For his part, Bradt isn’t shy about calling when he’s stumped and asking the attending, “This is what I have with my patient. What do you think?” Then again, nothing tests the limits of someone’s knowledge more than working without faculty or senior resident level to cover you. You have to figure out what’s going on with the patient and come up with ideas on treatment.
“You don’t realize how beneficial it is to have back-up until you’re out there by yourself in a situation where there is no one,” says Bradt. “You start thinking, ‘What do I do next? How do I take care of this patient?’ That’s when you start asking, ‘What do I really know? What don’t I know? What do I need to work on?’”
Indeed, any patient-centered experience can sharpen your clinical wits and skills. But the ACGME is very clear that your program must graduate you as a capable, independent practitioner based solely on its requirements without any extras. As Katz notes, “When a resident says to me, ‘I’ll be a better doctor if you let me moonlight,’ my answer is ‘You’re going to be a perfectly fine doctor whether or not you moonlight.’”
One final note
It’s enticing to think of the extra money you can earn by moonlighting. After all, you’ll only have to expend the energy for a short time and be done with it. In the meantime, it may help you alleviate your financial stress. In rare instances, Katz will approve a second-year student’s moonlighting request. “I think we underestimate just how much finances can dominate someone’s thoughts and life,” he says. “My theory is that by working a bit more to relieve stress, a resident may actually learn more.”
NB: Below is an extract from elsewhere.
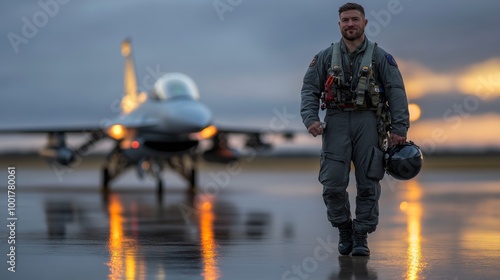 The fighter pilot in a gray flight suit strides confidently from the jet on the slick tarmac, showcasing a dramatic evening atmosphere with reflections from the surrounding lights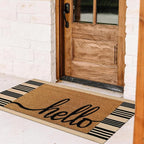 Striped Outdoor Front Door Mat 24"x51", Cotton Hand Woven Washable Black and - Image 6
Yet it’s difficult to maximize the experience if you’re spreading yourself too thin. At the least, you need to be cognizant of the challenges; at the most, build in safeguards to protect your personal time.
Although Bradt has been able to finesse his schedule to accomplish his work tasks, for instance, carving out time for his wife and two children is still challenging. They take solace in the fact, however, that after graduation his work life won’t be so hectic. “The biggest juggling act is weighing the benefits of making extra money to help pay off your debt and better yourself and your family,” he says, “versus spending more time with them.”
As for Hurley, an evening spent moonlighting is in an evening he can’t talk to friends, read his emails or carry on other activities. “When you don’t do that, your social life feels different,” he says. “For me, it’s been a matter of figuring out the right titration of doing everything possible so moonlighting, while a good opportunity, is not at the expense of other parts of my life.”